• Press Release

Florida set to conduct its first execution in a year and a half

August 23, 2017

Ahead of a planned resumption of executions in Florida on August 24, 18 months after the last one, Amnesty International is issuing a paper on recent developments relating to the death penalty in the state.

Death in Florida” outlines the state’s response to the January 2016 Supreme Court decision that Florida’s capital sentencing law was unconstitutional, and the governor’s reaction to a prosecutor’s subsequent decision to reject the death penalty.

When State Attorney Aramis Ayala announced that she would not seek the death penalty due to its demonstrable flaws, Governor Scott immediately responded by ordering her replacement with a different prosecutor more willing to engage in this lethal pursuit. So far the governor has transferred 27 cases to his preferred prosecutor.

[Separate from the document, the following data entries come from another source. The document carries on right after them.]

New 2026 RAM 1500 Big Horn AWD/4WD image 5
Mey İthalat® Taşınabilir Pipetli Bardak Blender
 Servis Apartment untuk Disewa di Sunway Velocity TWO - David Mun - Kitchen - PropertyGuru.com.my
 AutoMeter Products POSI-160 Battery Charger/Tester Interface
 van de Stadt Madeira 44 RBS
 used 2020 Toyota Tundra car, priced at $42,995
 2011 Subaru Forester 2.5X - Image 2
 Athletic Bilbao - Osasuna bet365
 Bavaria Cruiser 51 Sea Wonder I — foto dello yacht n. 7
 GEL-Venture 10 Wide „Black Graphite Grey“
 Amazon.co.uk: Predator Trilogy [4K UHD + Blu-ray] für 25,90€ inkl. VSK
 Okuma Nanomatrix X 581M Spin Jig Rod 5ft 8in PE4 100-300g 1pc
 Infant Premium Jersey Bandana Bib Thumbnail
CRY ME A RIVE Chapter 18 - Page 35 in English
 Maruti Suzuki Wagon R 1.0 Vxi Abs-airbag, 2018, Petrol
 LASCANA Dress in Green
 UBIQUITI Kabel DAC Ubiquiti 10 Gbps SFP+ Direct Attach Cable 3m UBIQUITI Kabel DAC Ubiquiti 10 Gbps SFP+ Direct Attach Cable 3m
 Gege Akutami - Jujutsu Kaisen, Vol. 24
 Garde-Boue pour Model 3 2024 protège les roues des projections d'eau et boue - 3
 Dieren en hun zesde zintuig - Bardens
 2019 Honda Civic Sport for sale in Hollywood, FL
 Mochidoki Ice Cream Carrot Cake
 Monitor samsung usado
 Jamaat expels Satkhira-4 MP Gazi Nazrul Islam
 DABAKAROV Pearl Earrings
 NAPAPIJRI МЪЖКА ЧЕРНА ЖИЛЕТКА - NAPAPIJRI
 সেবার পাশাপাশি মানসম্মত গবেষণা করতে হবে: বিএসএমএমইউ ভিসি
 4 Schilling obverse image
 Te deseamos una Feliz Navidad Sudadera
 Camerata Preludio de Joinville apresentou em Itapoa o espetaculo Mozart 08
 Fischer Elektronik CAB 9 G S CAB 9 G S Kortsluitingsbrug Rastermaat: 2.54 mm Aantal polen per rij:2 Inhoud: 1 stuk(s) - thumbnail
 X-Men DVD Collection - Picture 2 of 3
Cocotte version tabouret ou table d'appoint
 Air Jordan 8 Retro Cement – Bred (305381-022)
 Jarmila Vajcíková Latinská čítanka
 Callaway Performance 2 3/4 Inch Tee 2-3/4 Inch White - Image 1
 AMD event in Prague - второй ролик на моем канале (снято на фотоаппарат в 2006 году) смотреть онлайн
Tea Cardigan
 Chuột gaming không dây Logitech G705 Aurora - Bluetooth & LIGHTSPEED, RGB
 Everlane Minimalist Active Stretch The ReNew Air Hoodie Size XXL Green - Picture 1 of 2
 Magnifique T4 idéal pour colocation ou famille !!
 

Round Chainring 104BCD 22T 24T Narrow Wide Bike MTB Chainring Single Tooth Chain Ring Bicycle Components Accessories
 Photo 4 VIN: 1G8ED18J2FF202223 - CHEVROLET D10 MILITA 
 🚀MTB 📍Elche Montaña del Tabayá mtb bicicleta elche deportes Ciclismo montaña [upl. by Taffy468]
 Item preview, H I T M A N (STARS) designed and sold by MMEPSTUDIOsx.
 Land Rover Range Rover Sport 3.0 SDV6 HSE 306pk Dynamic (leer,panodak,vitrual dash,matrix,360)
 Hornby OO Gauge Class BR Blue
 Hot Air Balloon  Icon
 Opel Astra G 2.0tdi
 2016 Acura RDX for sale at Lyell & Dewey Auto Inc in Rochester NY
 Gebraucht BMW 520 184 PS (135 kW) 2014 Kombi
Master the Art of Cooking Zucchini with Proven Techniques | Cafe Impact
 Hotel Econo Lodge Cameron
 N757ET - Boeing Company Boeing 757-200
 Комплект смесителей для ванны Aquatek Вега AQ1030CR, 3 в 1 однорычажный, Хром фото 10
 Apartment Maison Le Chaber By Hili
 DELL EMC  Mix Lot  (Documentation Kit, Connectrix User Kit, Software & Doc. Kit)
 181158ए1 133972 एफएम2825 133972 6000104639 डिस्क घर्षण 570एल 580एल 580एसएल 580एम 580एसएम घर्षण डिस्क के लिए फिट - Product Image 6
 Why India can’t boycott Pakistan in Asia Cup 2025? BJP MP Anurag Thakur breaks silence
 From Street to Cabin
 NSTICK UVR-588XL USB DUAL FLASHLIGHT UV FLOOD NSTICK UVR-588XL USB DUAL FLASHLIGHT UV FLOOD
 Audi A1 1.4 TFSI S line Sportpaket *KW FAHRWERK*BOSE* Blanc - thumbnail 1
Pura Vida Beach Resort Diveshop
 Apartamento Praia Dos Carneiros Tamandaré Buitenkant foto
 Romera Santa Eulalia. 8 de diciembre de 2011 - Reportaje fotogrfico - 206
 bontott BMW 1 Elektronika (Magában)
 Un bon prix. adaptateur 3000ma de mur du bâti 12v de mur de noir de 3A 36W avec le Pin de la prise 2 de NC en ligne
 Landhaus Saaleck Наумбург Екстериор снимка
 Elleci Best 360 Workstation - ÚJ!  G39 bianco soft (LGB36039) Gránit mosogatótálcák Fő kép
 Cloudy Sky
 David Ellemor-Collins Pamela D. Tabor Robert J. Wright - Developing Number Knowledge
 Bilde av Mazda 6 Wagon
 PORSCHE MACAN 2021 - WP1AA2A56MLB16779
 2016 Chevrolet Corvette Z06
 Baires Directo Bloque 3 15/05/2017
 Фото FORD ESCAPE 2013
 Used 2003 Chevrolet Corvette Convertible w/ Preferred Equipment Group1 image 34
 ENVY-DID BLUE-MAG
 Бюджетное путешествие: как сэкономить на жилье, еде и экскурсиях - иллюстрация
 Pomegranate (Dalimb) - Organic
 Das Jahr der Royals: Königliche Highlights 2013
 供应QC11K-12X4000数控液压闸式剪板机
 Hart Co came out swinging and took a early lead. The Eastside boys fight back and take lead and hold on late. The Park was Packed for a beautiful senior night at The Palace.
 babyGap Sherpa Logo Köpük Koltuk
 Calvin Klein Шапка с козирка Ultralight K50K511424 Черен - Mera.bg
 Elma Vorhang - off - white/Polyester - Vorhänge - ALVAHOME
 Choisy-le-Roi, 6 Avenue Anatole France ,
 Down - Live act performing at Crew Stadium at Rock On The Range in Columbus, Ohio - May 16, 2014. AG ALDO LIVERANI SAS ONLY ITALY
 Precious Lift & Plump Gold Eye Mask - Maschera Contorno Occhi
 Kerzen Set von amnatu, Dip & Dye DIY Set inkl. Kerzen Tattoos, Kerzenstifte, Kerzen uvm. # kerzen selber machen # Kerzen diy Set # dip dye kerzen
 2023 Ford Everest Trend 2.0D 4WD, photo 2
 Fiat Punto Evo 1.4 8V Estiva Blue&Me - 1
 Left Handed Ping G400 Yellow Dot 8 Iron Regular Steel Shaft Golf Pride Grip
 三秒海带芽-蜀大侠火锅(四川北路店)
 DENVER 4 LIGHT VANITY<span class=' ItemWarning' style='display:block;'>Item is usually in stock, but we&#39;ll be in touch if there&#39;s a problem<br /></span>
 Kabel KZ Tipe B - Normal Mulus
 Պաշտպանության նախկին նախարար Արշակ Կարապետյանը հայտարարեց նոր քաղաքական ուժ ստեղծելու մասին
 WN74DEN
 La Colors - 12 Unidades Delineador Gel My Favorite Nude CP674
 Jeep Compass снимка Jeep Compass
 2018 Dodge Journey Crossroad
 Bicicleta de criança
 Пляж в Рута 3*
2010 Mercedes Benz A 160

Racial discrimination was one of the death penalty’s flaws – along with its costs, risks and failure as a deterrent – cited by State Attorney Ayala, the first African American to be elected to that position in Florida.

“We have seen time and again that the death penalty is irrevocably broken both in Florida and throughout the United States,” said Kristina Roth, senior program officer for criminal justice at Amnesty International USA. “It is discriminatory, arbitrary, and cruel. While states are increasingly moving away from capital punishment or do away with it altogether, Florida is backsliding on progress by resuming executions.”

The prisoner set to be executed on August 24 at 6 p.m. is Mark Asay, who was sent to death row in 1988 for two murders committed in 1987. The last execution in Florida was of Oscar Bolin on January 7, 2016, five days before the Supreme Court issued its Hurst v. Florida ruling that the state’s capital sentencing statute was unconstitutional.